Over the course of a year, Berlinische Galerie presents 12 artists who have drawn attention to themselves with innovative use of film and video media. Their latest installation engages with the experience of hopelessness and the connected desire for greater agency in one’s political, social and environmental future, under the current spectre of global political and climatic insecurity. “I’m half Polish,” says Schönefeld, “people are not aware that next to Germany there is something developing that is not good for democracy…[the government] tried to do everything to turn Poland into an autocracy.” Since taking power in 2015, the Law and Justice party (PiS), has dismantled democratic institutions that have been in place since the collapse of communism and systematically eroded citizens’ rights in order to consolidate its power. “This is unfolding in the US but also in Europe with the AfD and the political situations in France and Hungary. I think everyone should be aware of the shift that could happen, everyone has to fight.”

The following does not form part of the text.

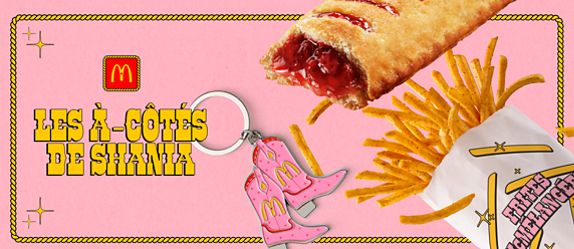 Les mots « Complètement Shania » dans une typographie sur un fond rose de style country avec des Frites McMélangées, un Chausson aux fraises et un porte-clés en forme de bottes de cowboy roses.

Young female protagonists do the fighting in Schönefeld’s films. In Dark Waters, Silver Ocean is a helicopter pilot assigned by a western government “to hide the jellyfish disaster.” In Snow Fox the eponymous heroine works for the company ‘Black Cloud’, which secretly manipulates the weather. Snow Fox and Silver Ocean step in to the tradition of heroes (and less often heroines) uncovering international conspiracies, the allure of which is obvious during periods of collective uncertainty. In the two films, the protagonists are able to take back control from malevolent forces. In doing so, Schönefeld, too, is able to enact her own fantasies. In science fiction and in life, she notes, “women have always been bound by the rules of society. For me, it’s kind of my way of flying helicopters. I’m also fascinated by heroines like Amelia Earhart.” Earhart’s often simple (and occasionally cheesy) affirmations that “women do everything that men can do” have an easy appeal for Schönefeld. Earhart is a reminder that it is possible to change things, and Schönefeld’s characters are modelled on the pilot and other women acting against their culturally defined roles.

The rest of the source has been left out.